A medida que el país se enriquece, se avinagran los ánimos, todo el mundo desfila y se desgañita reclamando por esto y aquello. Se suspenden las protestas, prudentemente, en temporada de lluvias, y la primavera no nos trae ya su famosa fiesta, aquella con carros alegóricos por la Alameda y reinas encaramadas en tronos sobre remolques, y batallas de sonetos en los paraninfos y de flores en las calles... No. En octubre rebrotan las marchas de penecos indignados y los correteos de guanacos y el centro se nubla de gases lacrimógenos: huyen despavoridas las viejas, los chiquillos y los perros lo pasan mejor que nunca y la posta central se llena de guaguas atoradas por la falta de aire puro.
Ha habido en la historia política alborotos pródigos en inventiva culinaria.

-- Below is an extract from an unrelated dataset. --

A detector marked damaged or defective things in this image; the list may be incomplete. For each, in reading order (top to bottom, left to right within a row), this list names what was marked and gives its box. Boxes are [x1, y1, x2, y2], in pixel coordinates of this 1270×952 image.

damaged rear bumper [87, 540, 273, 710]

Cuando el bienamado Enrique IV logró coronar uno con éxito en Francia, se hizo popular prometiendo a la canalla que tendría cada semana, para comer,
una poule au pot. Este primer representante de lo que los avinagrados republicanos españoles llaman "la peste borbónica", fue un gran traga traga. Tenía la costumbre de adornarse el sombrero con pluma blanca, como emblema quizá de la
poule au pot. Pero la pluma le resultó fatal para la salud: el asesino que lo tenía entre ceja y ceja lo identificó en la muchedumbre por el cimbreo de la pluma, y le descerrajó sus buenos pistoletazos, gritando, mexicanamente, "¡Te llamabas!".

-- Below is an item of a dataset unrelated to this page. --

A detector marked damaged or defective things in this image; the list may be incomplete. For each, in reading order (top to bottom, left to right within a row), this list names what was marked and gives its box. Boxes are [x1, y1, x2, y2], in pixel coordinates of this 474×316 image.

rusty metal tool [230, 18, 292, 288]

Los franceses lloraron a su bienamado Enrique a moco tendido. Sobre todo porque el guiso que el rey había hecho posible a cada gaznápiro comer semanalmente era de ésos que, como el cocido español, no cansan nunca. Los tristes gabachos nunca más saborearon su gorda gallina semanal. En vísperas de la Revolución Francesa estaban reducidos a hierbajos hervidos y pan negro, si es que. Que se sepa, la degollina entonces desatada no creó nada digno de saborearse. Uno se pregunta: ¿nos deparará alguna vez la agitación de la Alameda algo realmente sabroso?
By the way, ¿cómo era esa paladeable
poule au pot? Hétela aquí.
Cazuela de ave a la francesa
Rellene el pájaro, por salva sea la parte, con una mezcla de los interiores bien molidos, buen puñado de pan rallado, algo de tocino picadito, ajo y perejil picados, ligado todo con un huevo. Cosa el portillo con aguja e hilo, sin miramientos. Dore el ave en aceite, en olla grande, y añada zanahorias, nabos, una cebolla entera, un puerro, un tallo de apio, sal y pimienta. Cubra todo con harta agua. Hierva largamente, a fuego suave, y espume el caldo. Media hora antes de terminar la cocción, retire las verduras, que estarán casi deshechas, y reemplácelas por otras, frescas. Hierva media hora más. Sirva la sopa, clarita, y aparte las hortalizas y el pájaro, acompañado de una vinagreta enriquecida con dos yemas molidas de huevos semiduros, más perejilitos, oreganitos y ciboulette, todo picado.